Slavin M L, Lam B L, Decker R E, Schatz N J, Glaser J S, Reynolds M G
Department of Ophthalmology, Long Island Jewish Medical Center, New Hyde Park, NY 11042.
Am J Ophthalmol. 1993 Mar 15;115(3):368-71. doi: 10.1016/s0002-9394(14)73590-1.

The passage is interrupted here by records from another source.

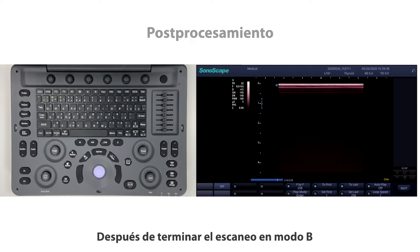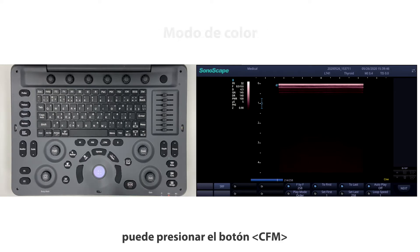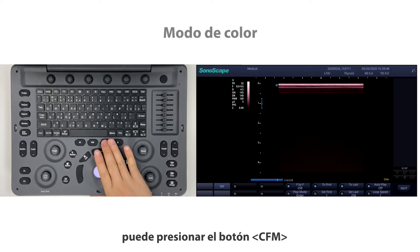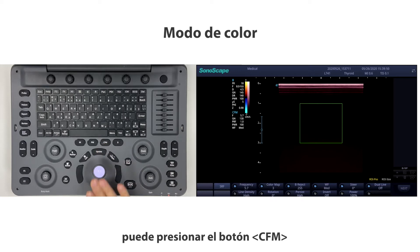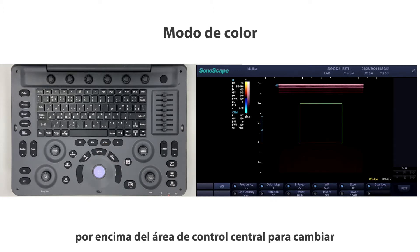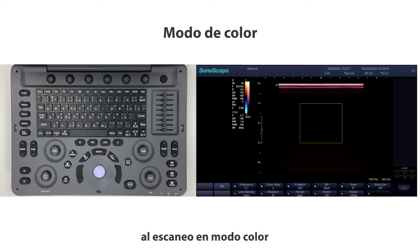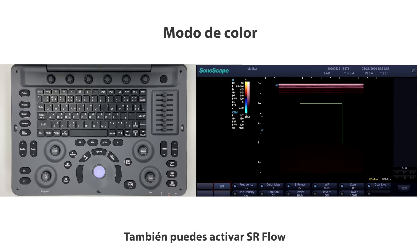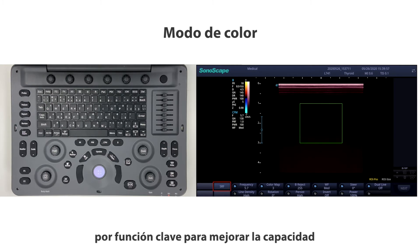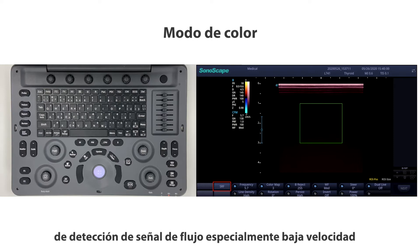After finishing B-Mode scanning, press the CFM button above the central control area to switch to color mode scanning. You can also activate SR Flow by key function to improve the capability of detecting flow signal, especially low velocity flow.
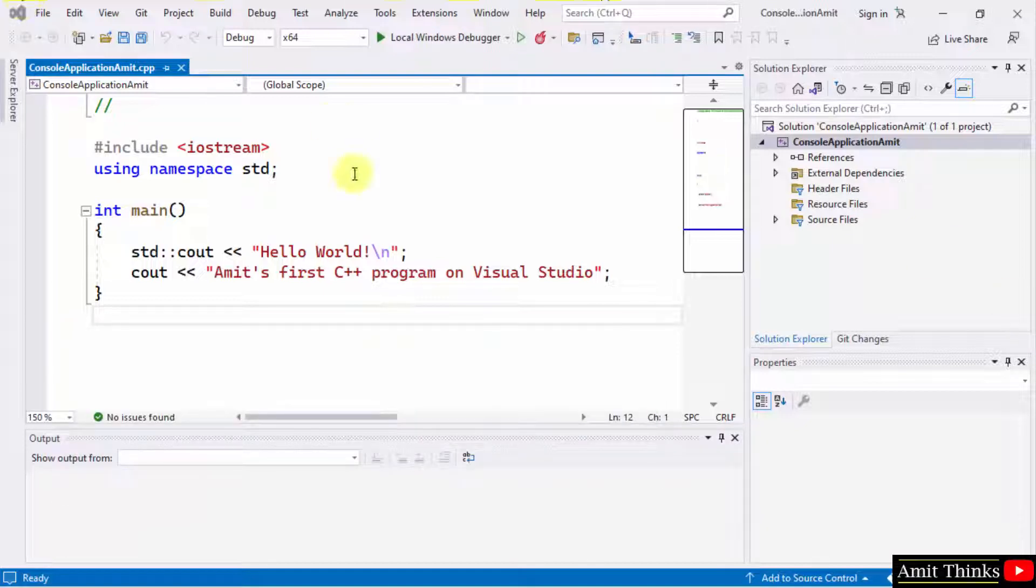So here is our Visual Studio. It's in light theme, white theme. How we can change it to dark theme?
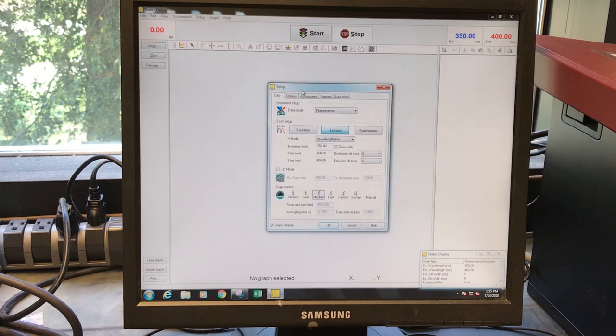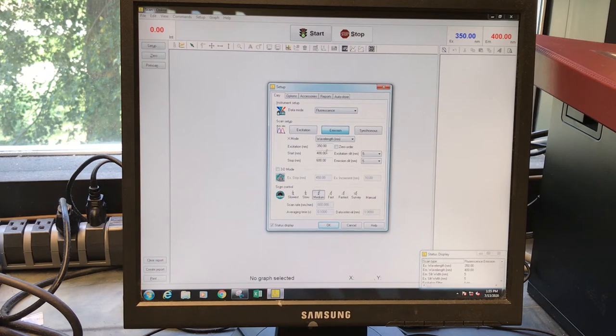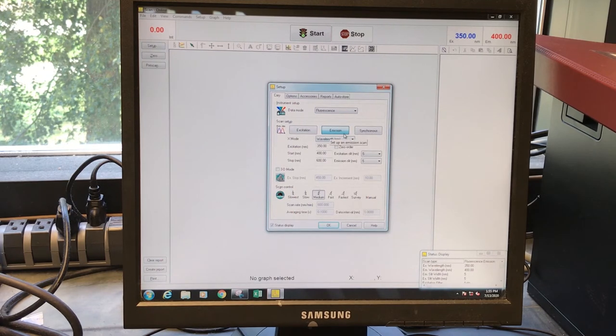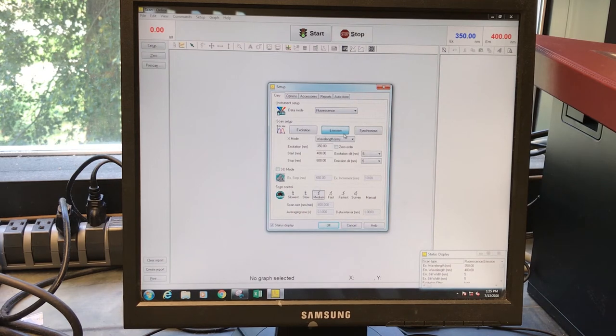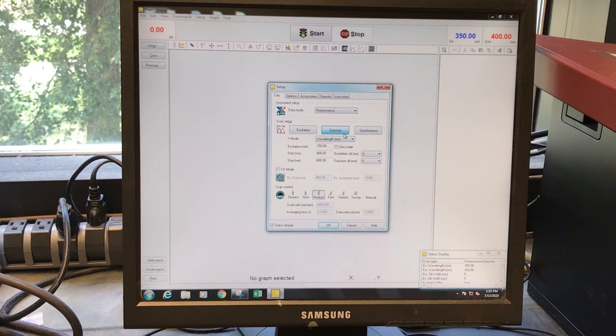So you can click Setup. And this is where you can play with some of the parameters for an emission scan where we excite a sample or molecule at a particular wavelength and then scan a range of wavelengths and collect the emission spectrum.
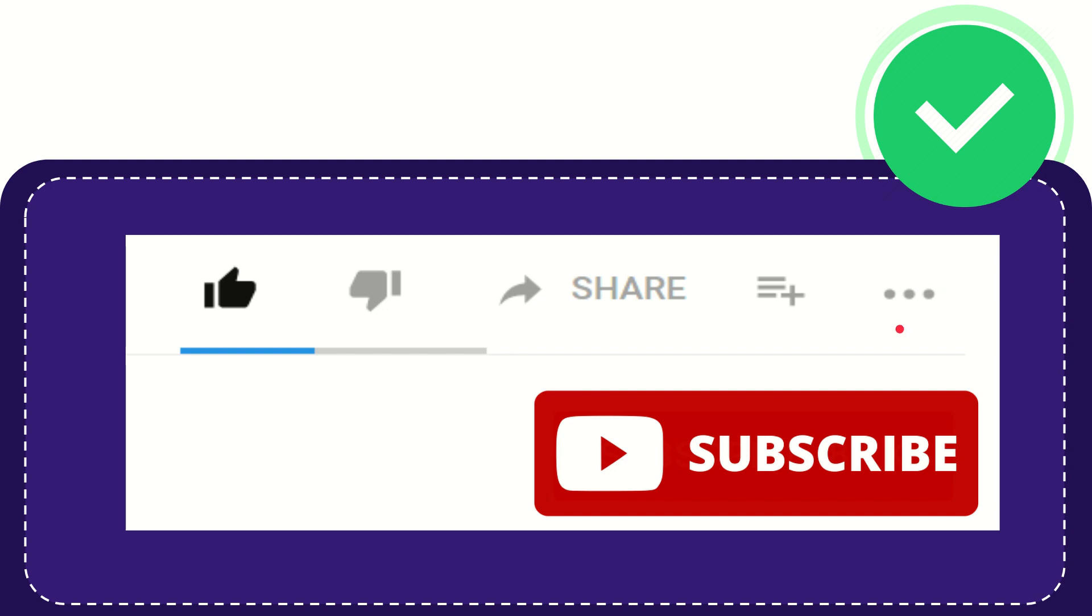And yeah, don't forget to subscribe. I think that's all of it. Thank you so much for watching this video and see you again in another video. Bye-bye.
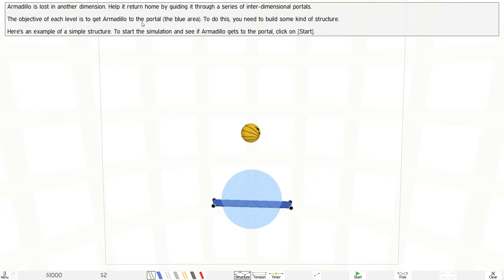is to get Armadillo to the portal, the blue area. This is the portal right here. To do this, you need to build some kind of structure. Here's an example of a simple structure to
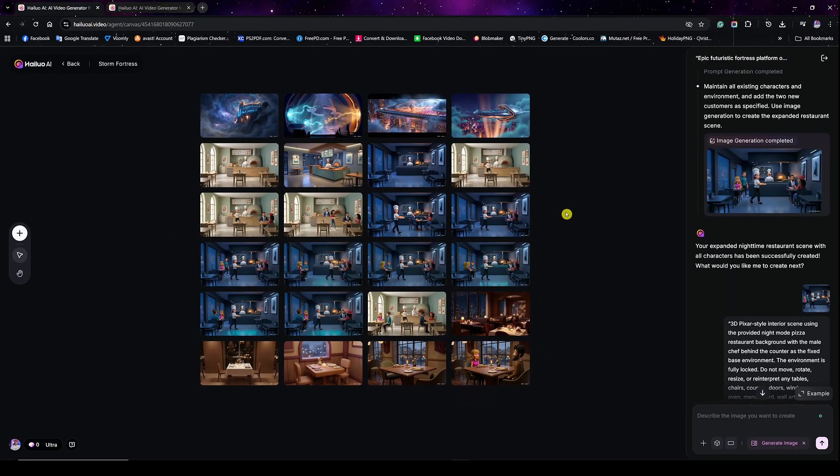The secret isn't about just using the best AI image model — it's simply using a combination of both prompting properly and the best AI model at the same time. Today we're going to talk about how I was able to generate incredible results using Nano Banana Pro inside Hylo AI.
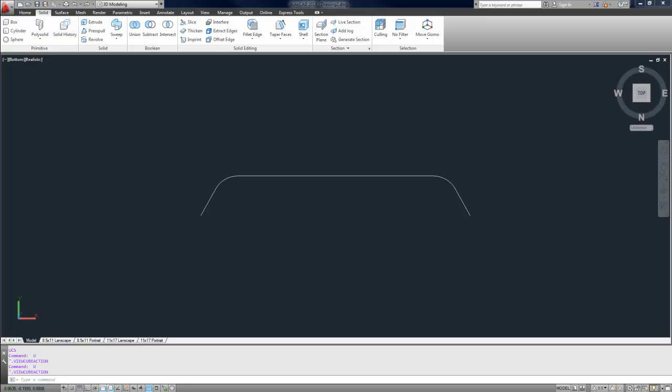Hey everybody, this is Brandon from BetterAtEverything.info. In today's video I'm going to go over how to use the Sweep command in AutoCAD's 3D Modeling workspace.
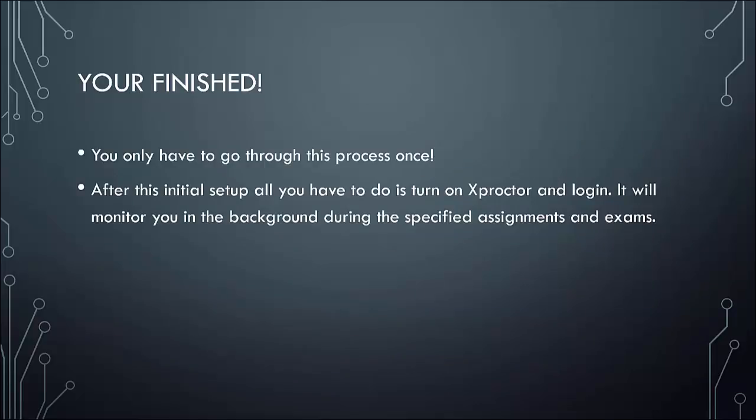You can exit out of Xproctor. All you have to do is go through this process once. You do not have to do it again. Anytime you need to use Xproctor, all you need to do is click on it, run it, and log in. Then it will monitor you in the background.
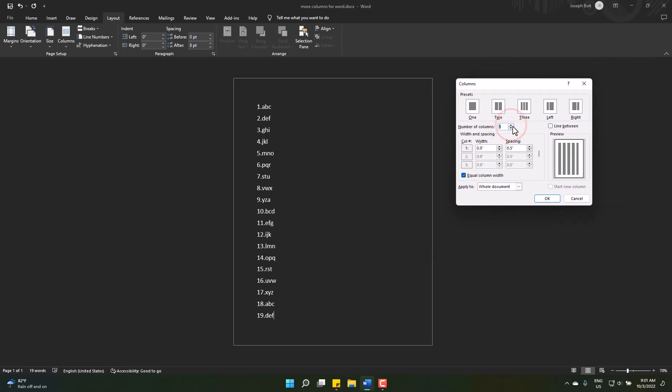I just need four, so it's okay. You can also change the width and spacing here.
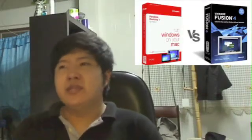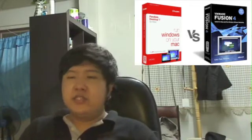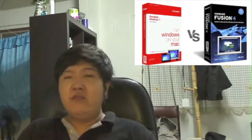Hello, this is Mark. I work at one of the Apple retail stores. I didn't want to make any comparison videos anymore, but one of my best friends on YouTube asked me to make a comparison clip about Parallels Desktop 7 and VMware Fusion 4.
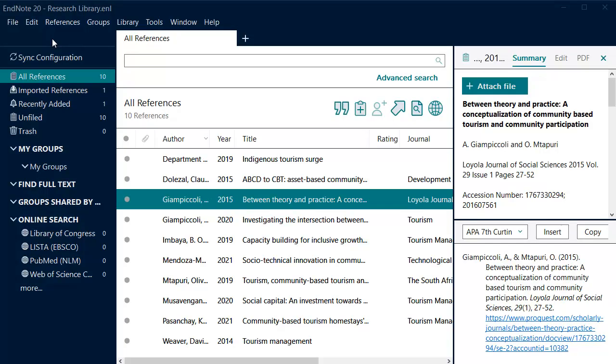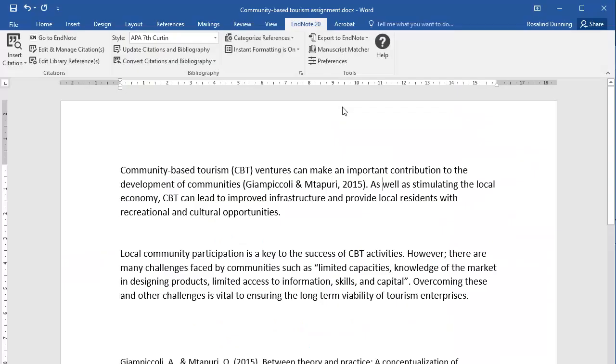In EndNote, highlight the reference or references you wish to insert. Then click the Insert Citation button. The citation will be added in text and the reference list entry will be added to the bottom of the document.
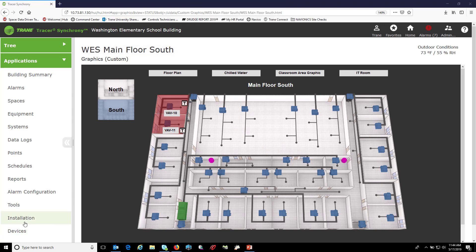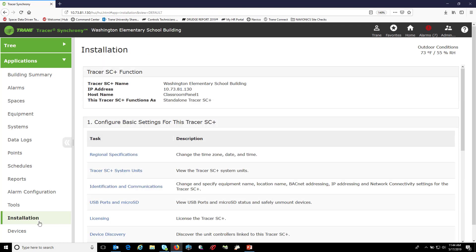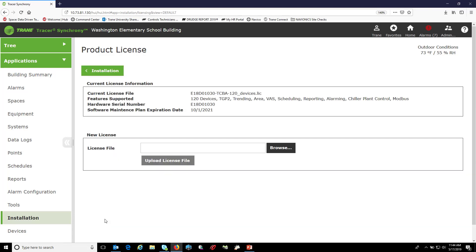If you were to go to Installation under the Applications portion of your tree, and then choose Licensing under Task, and look for Software Maintenance Plan Expiration Date.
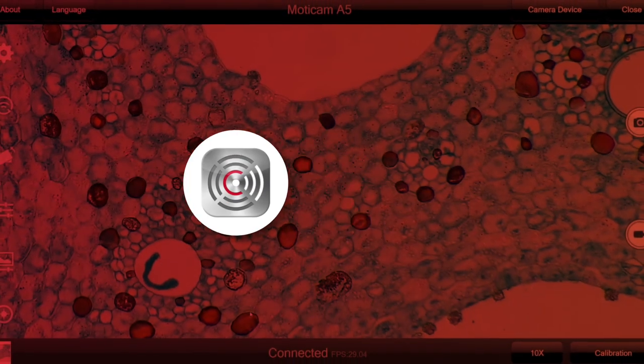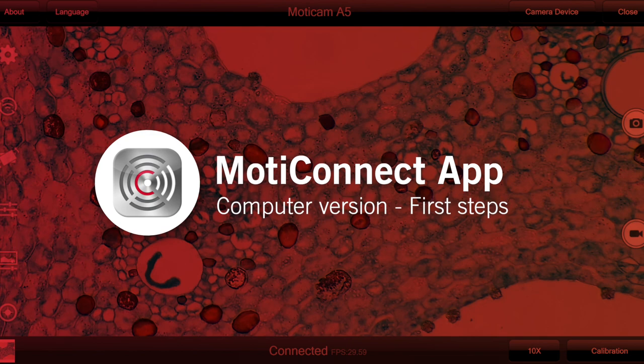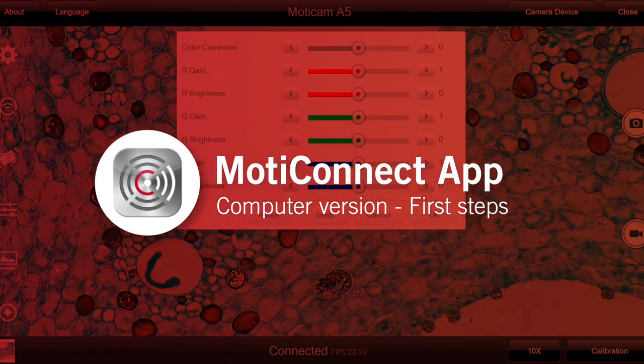Hi everyone! In this video, we will show you how to download, install and easily take your first steps in our free Motoconnect app.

After transsphenoidal resection of a pituitary (or other) tumor, the remaining intrasellar cavity, and sphenoid sinus are usually packed with exogenous fat or muscle to prevent cerebrospinal leak and prolapse of the optic chiasm into an empty sella. We treated two patients in whom chiasmal compression occurred postoperatively because of packing of fat. In one patient, the expected visual improvement in the postoperative period was suboptimal. The subsequent removal of fat resulted in total visual recovery. In the other patient, chiasmal compression persisted from intrasellar fat and residual tumor. Iatrogenic compression of the optic nerves or chiasm should be considered in all patients in whom visual recovery is incomplete.
在经蝶窦切除垂体(或其他)肿瘤后,通常会用外源性脂肪或肌肉填充剩余的蝶鞍内腔和蝶窦,以防止脑脊液漏和视交叉脱垂至空蝶鞍。我们治疗了两名因脂肪填充而术后发生视交叉受压的患者。其中一名患者,术后预期的视力改善未达最佳。随后去除脂肪后视力完全恢复。另一名患者,视交叉受压因蝶鞍内脂肪和残留肿瘤持续存在。对于所有视力恢复不完全的患者,都应考虑医源性视神经或视交叉受压的情况。